Patrick J. Kennedy
Patrick Joseph Kennedy, the son of Irish immigrants, was born in Boston on 14th January, 1858. His father, Patrick Kennedy, died of cholera ten months after he was born. His mother, Bridget Kennedy, who also had three daughters, found work as a clerk in a shop.
Kennedy attended the Roman Catholic school, Sisters of Notre Dame, before finding work in the East Boston Shipyards. In 1880 Kennedy borrowed money from his mother and sisters to purchase a run-down saloon in a poor area of Boston. Although he was himself a teetotaler, the business venture was a success and he was soon able to obtain a second saloon. In 1885 he started his own wine and spirit importation business, P.J. Kennedy and Company.

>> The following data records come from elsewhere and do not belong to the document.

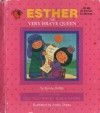 Esther the Very Brave Queen (Did You Know?) - Sunny Griffin, Andra Chase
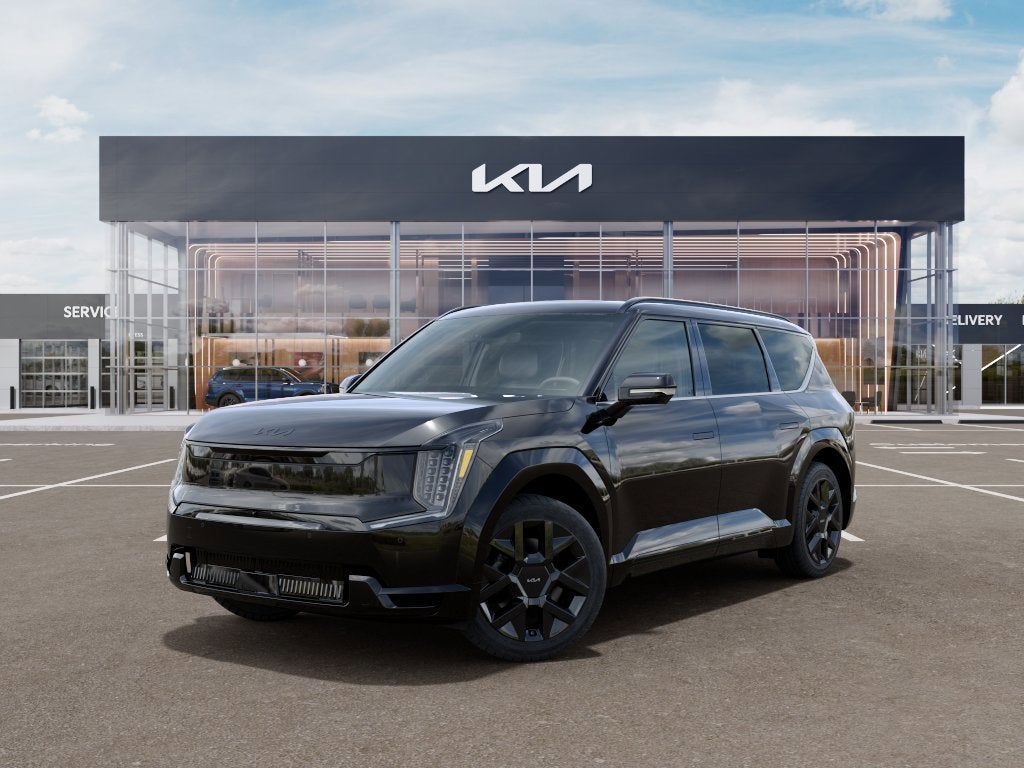 2026 Kia EV9 Land AWD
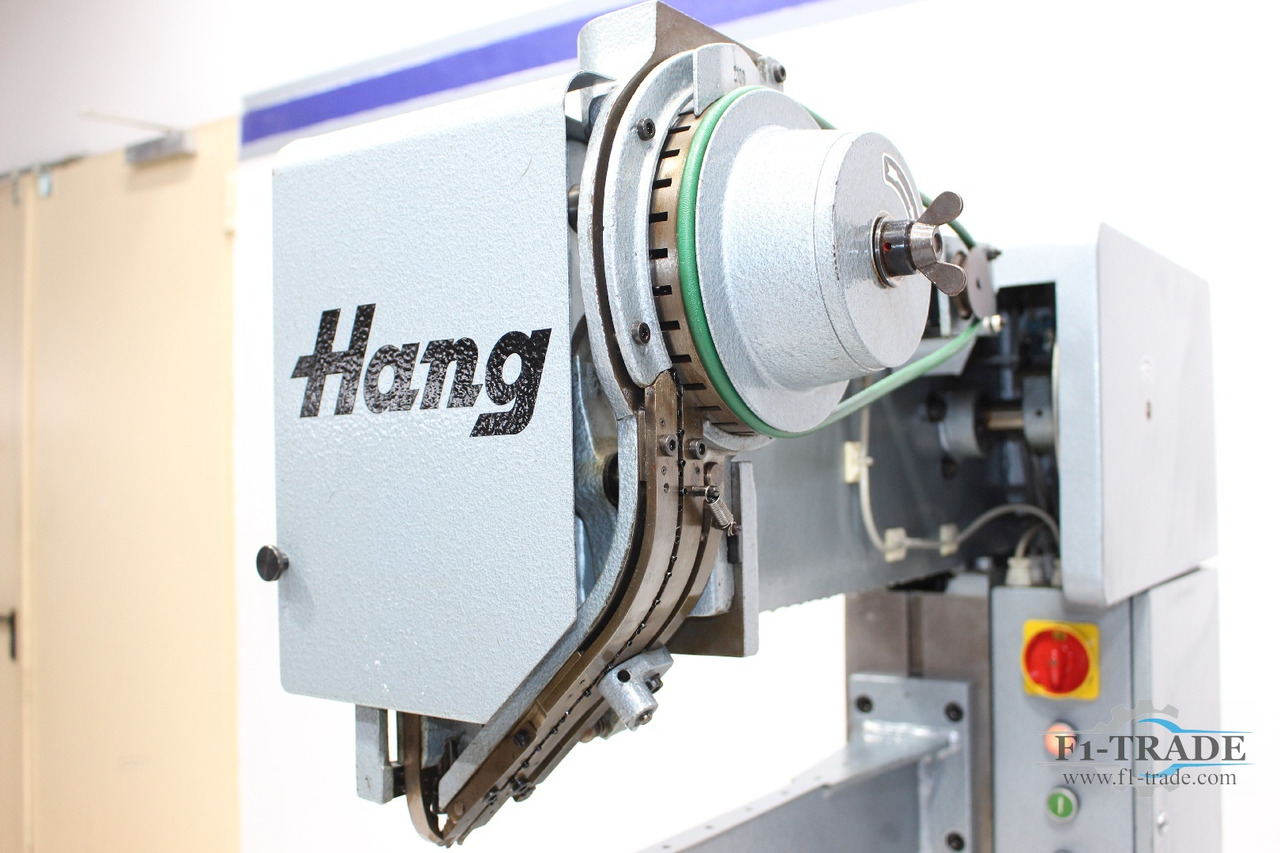Hang 162-01 - Printing machinery: picture 4 Hang 162-01 - Printing machinery: picture 4
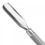 Thumbnail: 32. Professional Double-Ended Cuticle Pusher for Manicure & Pedicure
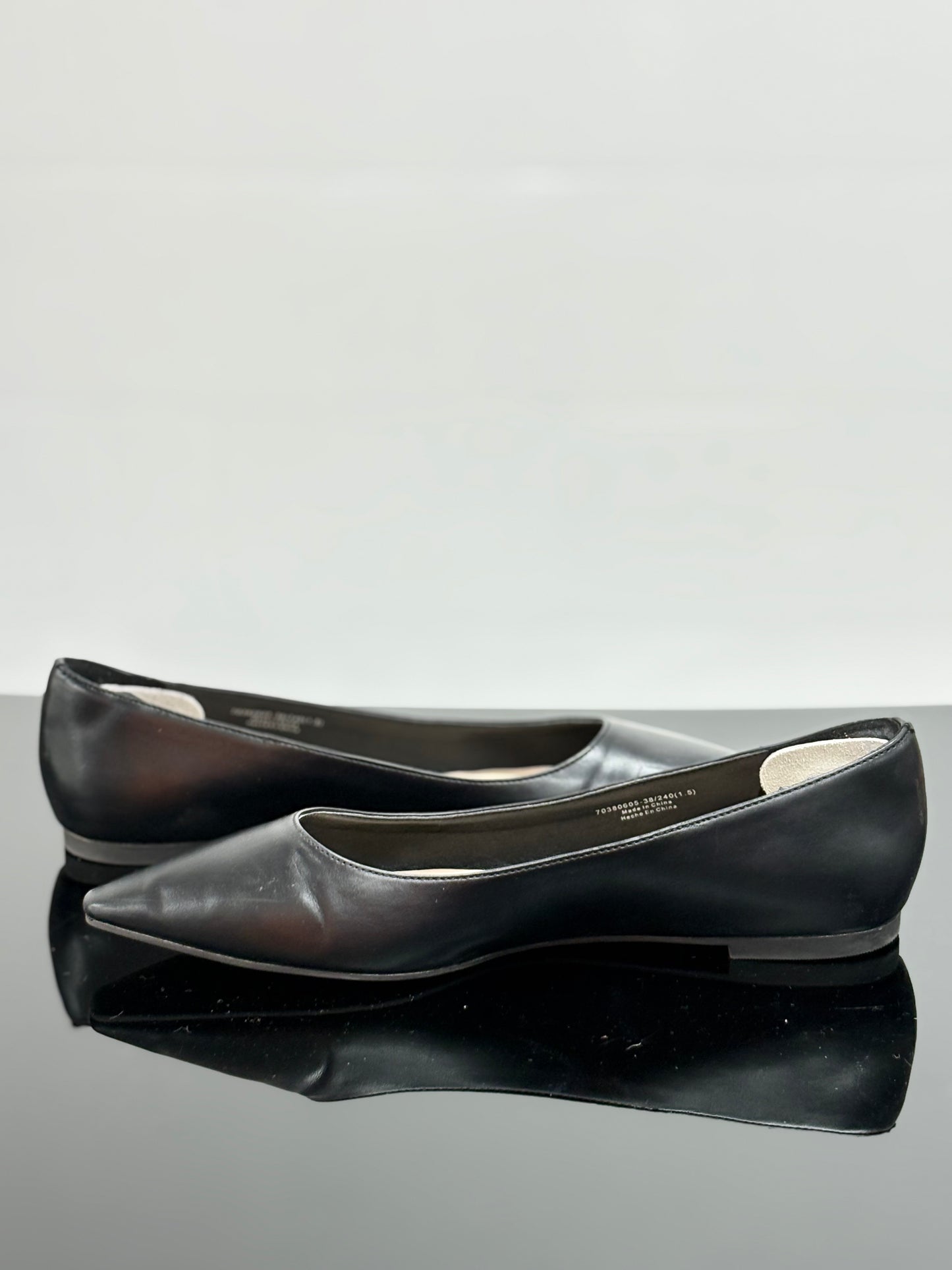 Flats Charles & Keith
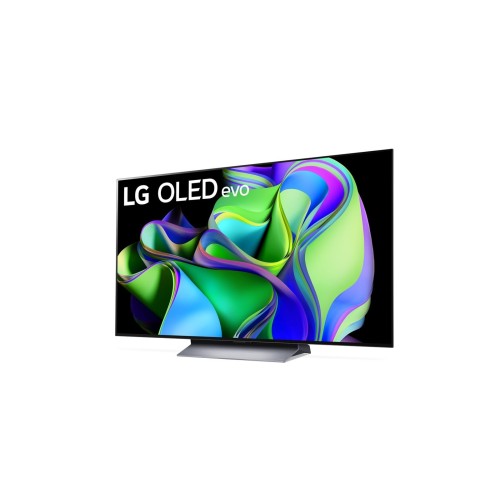 TV LG 77" OLED, UltraHD, Smart TV, WiFi, 100Hz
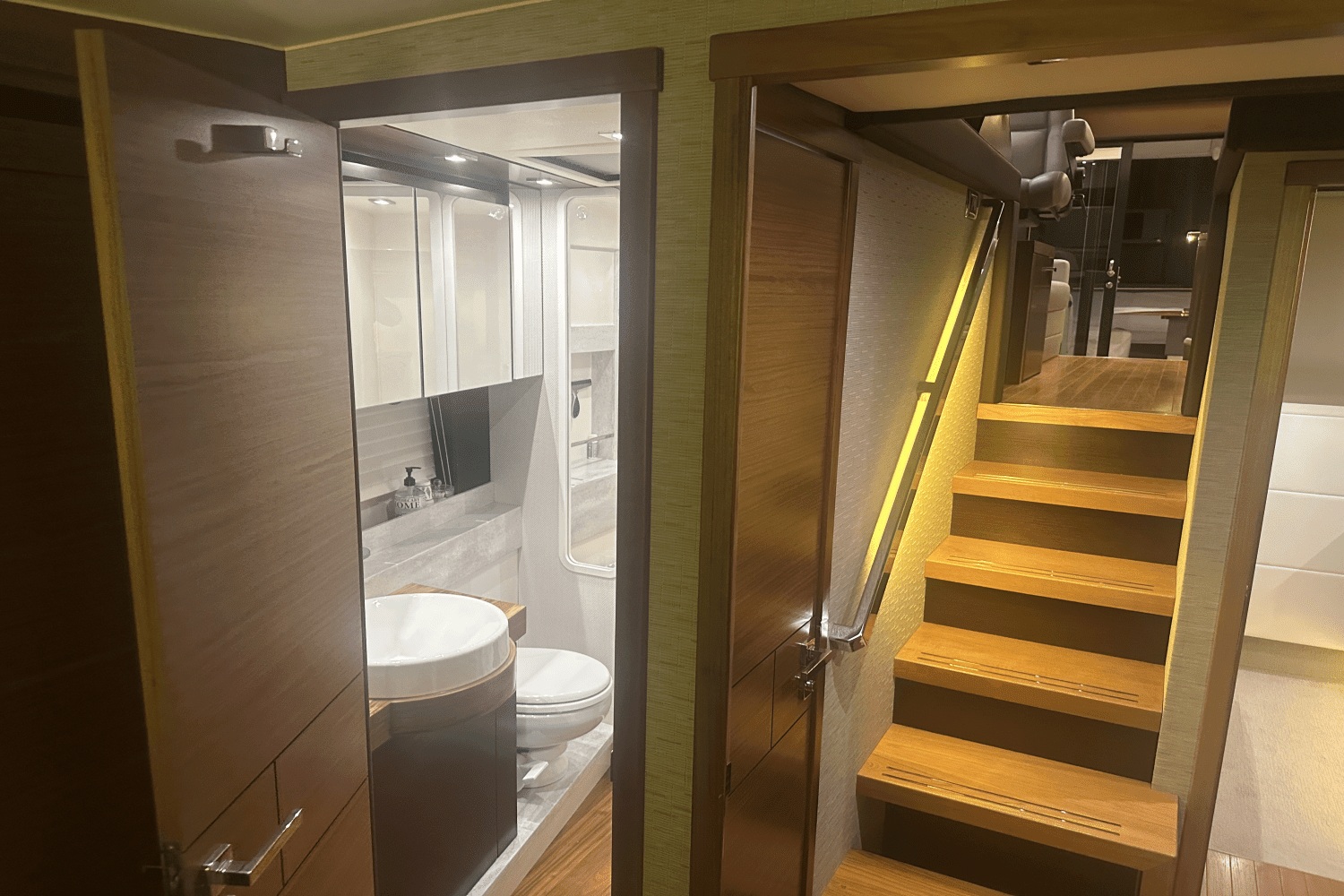 2018 Tiara Yachts 53 COUPE Image Thumbnail #37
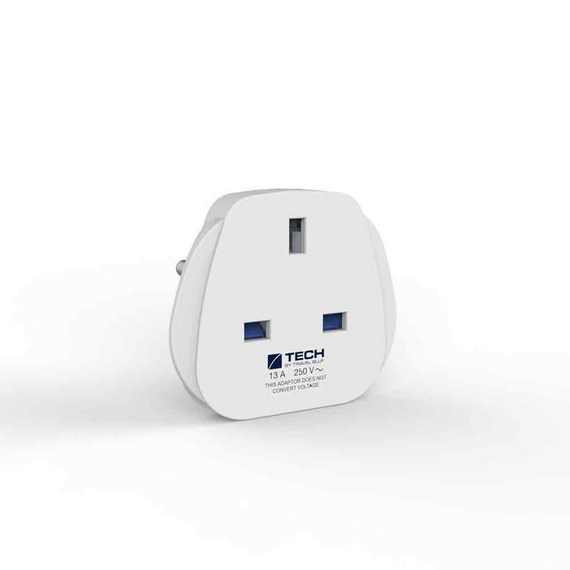 Travelbue World Wide Adaptor Set - Image 2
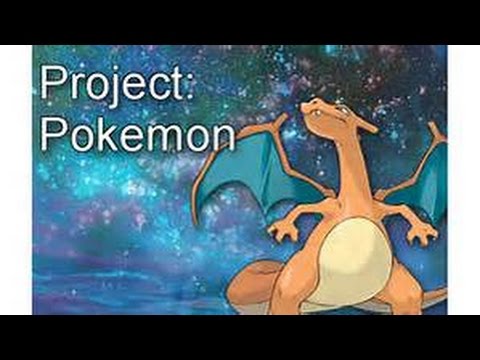 Roblox Project Pokemon Part 20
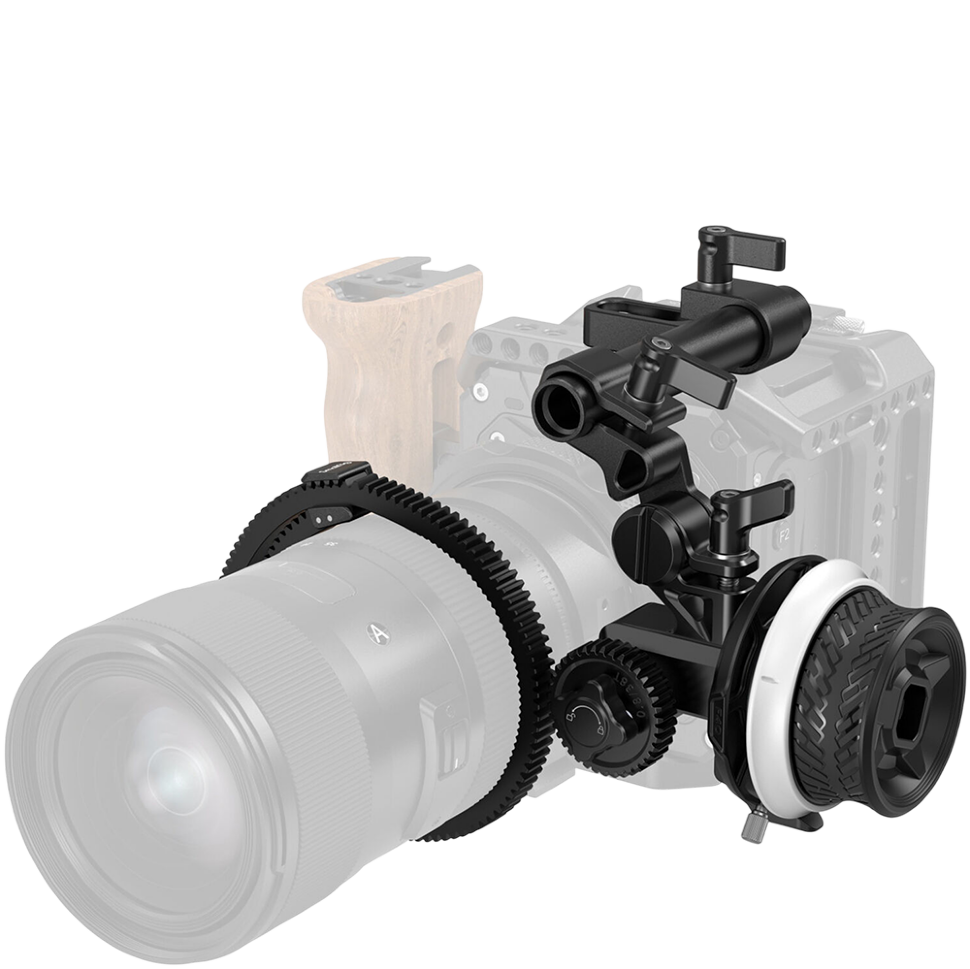 Фоллоу фокус SmallRig F40 mini Follow Focus 3010C 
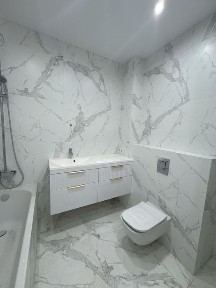 Жк Виа Рома. 45 м с балконом. Ремонт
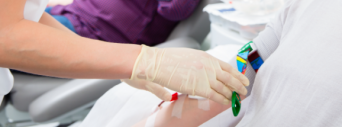 Dia Mundial do Doador de Sangue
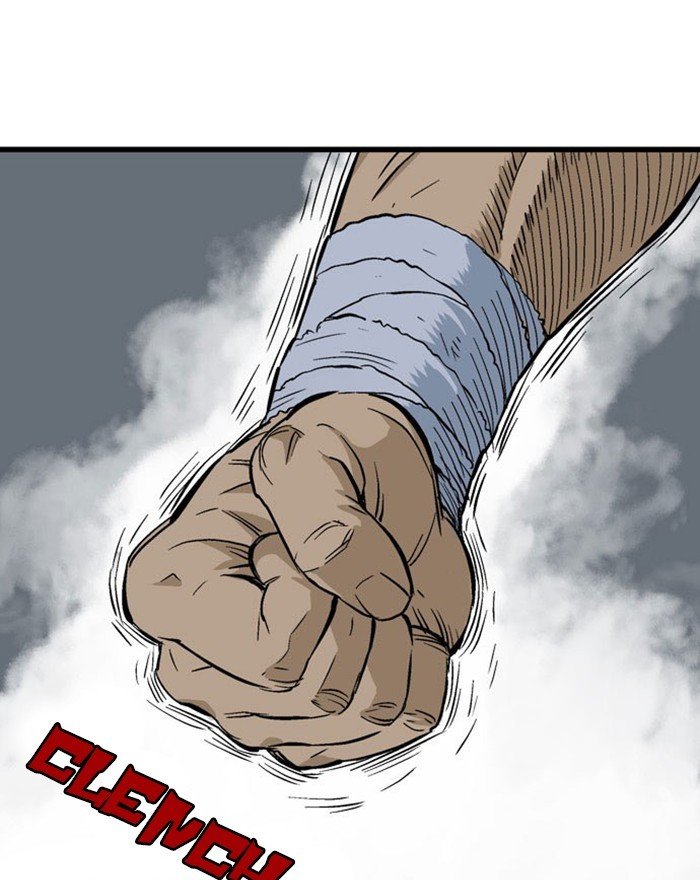 Read Gosu en Manga Online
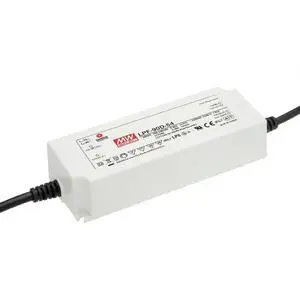 MEAN WELL LPF-90D-54 90W 1.67A 54V Constant Current Mode LED Driver MEAN WELL LPF-90D-54 90W 1.67A 54V Constant Current Mode LED Driver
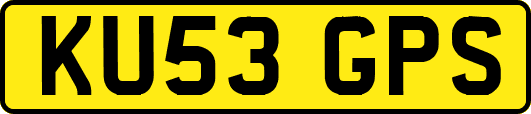 KU53GPS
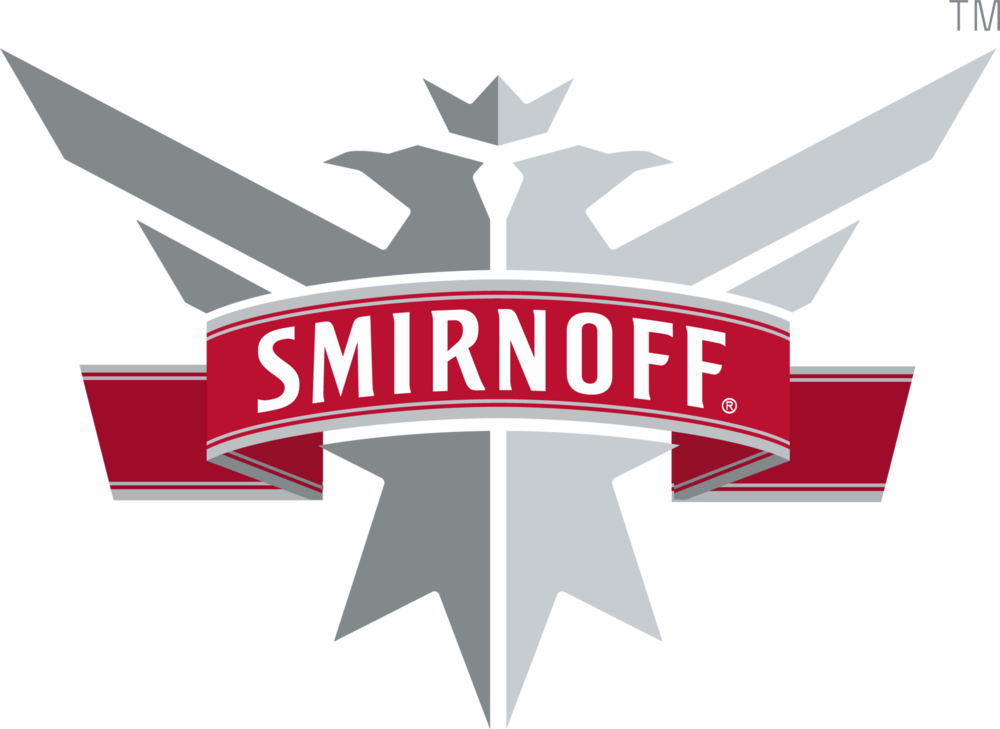 Smirnoff Logo PNG Vector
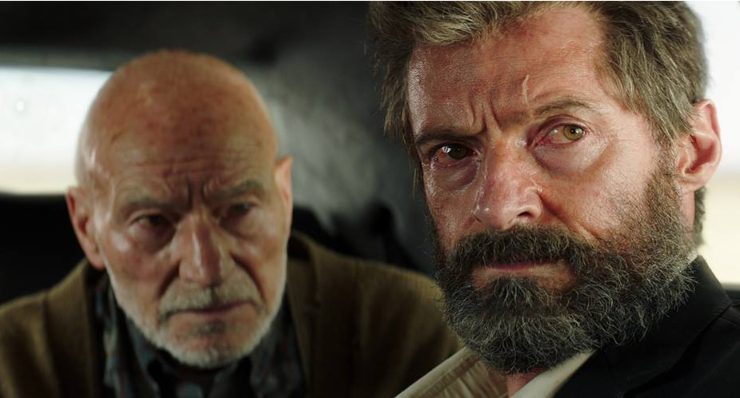 Film Review – Logan&nbsp;(2017)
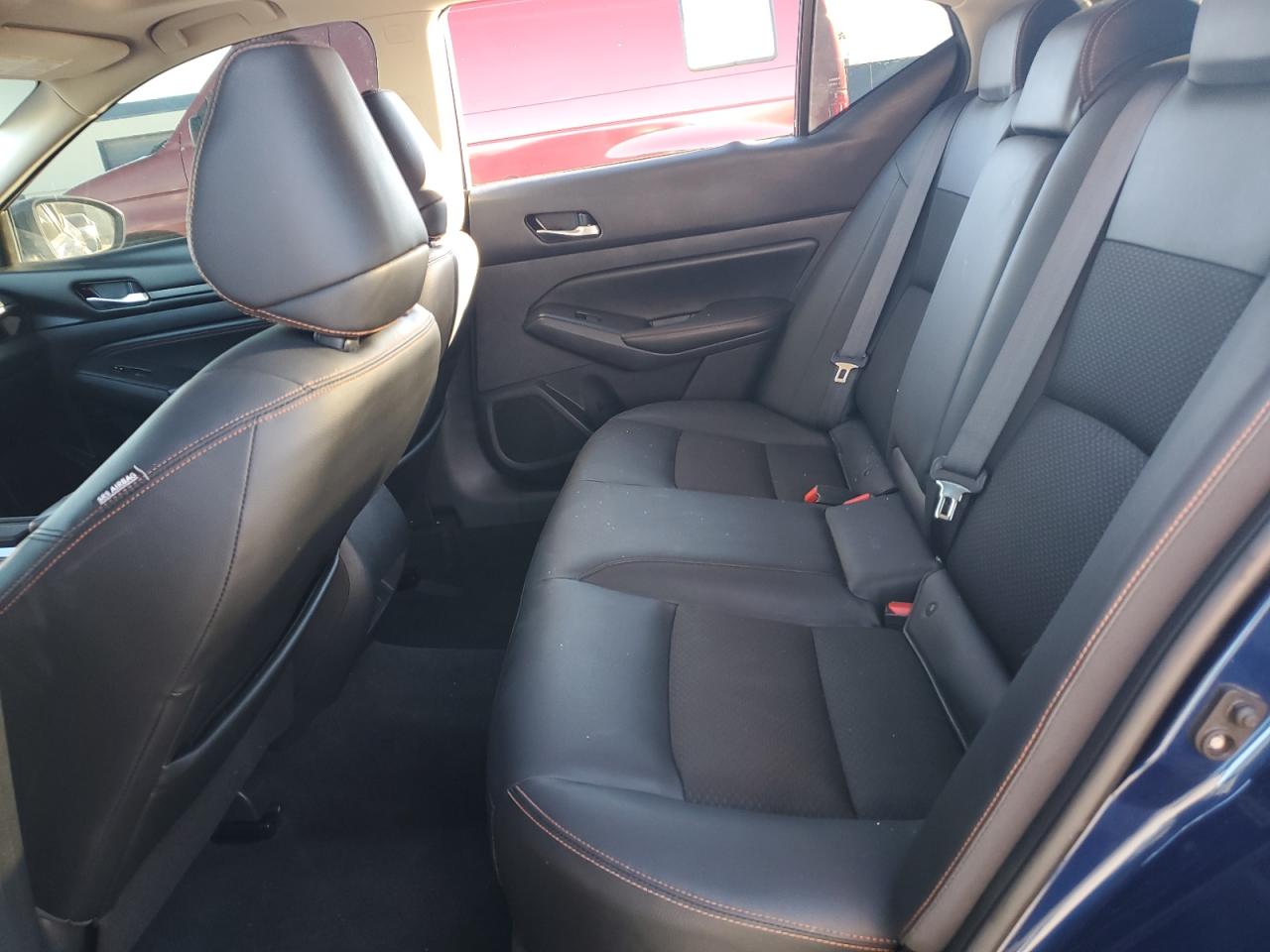 2020 Nissan Altima Sr VIN: 1N4BL4CW7LC277034 Lot: 90069675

In 1887 Kennedy married Mary Augusta Hickey, the daughter of a prosperous businessman in the city. A member of the Democratic Party Kennedy was elected to the Massachusetts Senate in 1892.
Along with John Francis Fitzgerald, Kennedy became the most important political figure in Boston. In 1914 Kennedy's son, Joseph Patrick Kennedy, married Fitzgerald's daughter, Rose Fitzgerald: the parents of John Fitzgerald Kennedy, Robert Kennedy and Edward Kennedy. Patrick Joseph Kennedy died in 1929.